Arens v. United Railroads of San Francisco
Before: Richards
Synopsis
APPEAL from a judgment of the Superior Court of the City and County of San Francisco and from an order refusing a new trial. Frank J. Murasky, Judge.
The facts are stated in the opinion of the court.
RICHARDS, J.
This is an action brought to recover damages for personal injuries sustained by the plaintiff as the result of a collision between his wagon, upon which at the time the plaintiff was riding, and a street-car of the defendant being operated by its employees on Twenty-fourth Street in the city of San Francisco.
The evidence
showed
that on the eleventh day of October, 1906, about 2:30 o’clock in the afternoon, the plaintiff was
[715]
driving his one-horse wagon on Douglass Street in that city, and turned into and proceeded easterly along and down Twenty-fourth Street, which at that point has a considerable downward grade. The latter street was at that time in the course of improvement, and its sides were so torn up in preparation for bituminizing as to leave the only available place for driving the space occupied by the tracks of the defendant. When the plaintiff turned into Twenty-fourth Street he looked up the street and saw the car of the defendant which traverses that street standing at the top of the grade, which is also the terminus of the car line. According to the plaintiff’s testimony his attention was next directed to the car by his companion, and he then observed it within about forty feet of his wagon coming rapidly down the hill.
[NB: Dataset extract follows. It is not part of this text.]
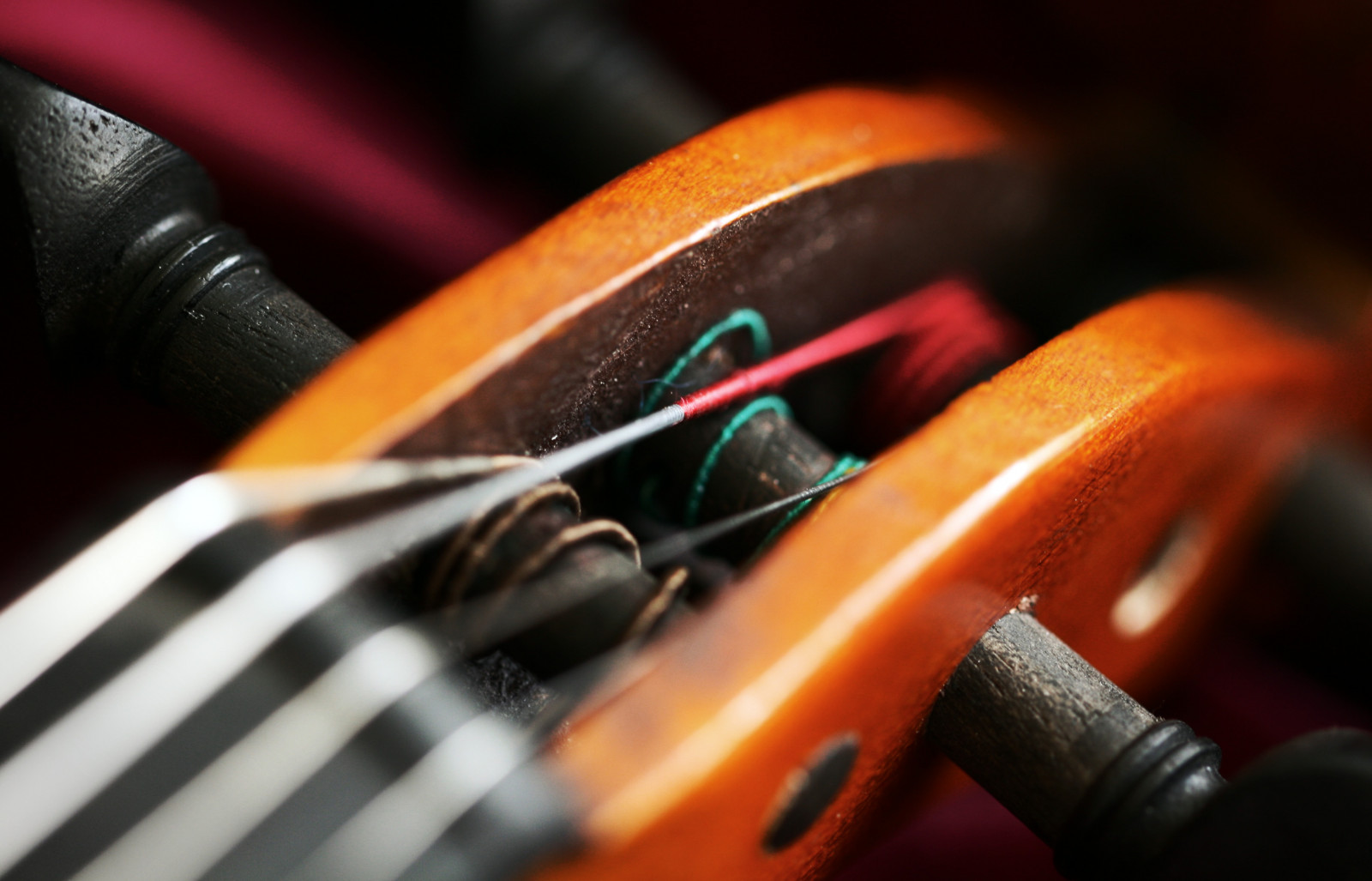 Wallpaper : music, violin, strings, macromondays, 100xthe2014edition ...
There is a conflict in the evidence as to whether any bell was rung or other signal given before the plaintiff thus observed the car, both the plaintiff and his companion asserting that they heard- no such signal, while the employees in charge of the ear asseverate that the usual signal was rung all the way down the hill. The plaintiff, upon discovering the approaching car, undertook to turn out sufficiently to permit it to pass, but failed or was unable to do so in time, and his wagon being struck by the car he was thrown out and injured.
Upon the trial of the case before the court without a jury the court found that the defendant was guilty of negligence in the respects averred in the complaint, and that the plaintiff was not guilty of contributory negligence, and it thereupon rendered judgment in favor of the plaintiff for the sum of two thousand dollars, from which judgment and from the order of the court denying a new trial the defendant appeals.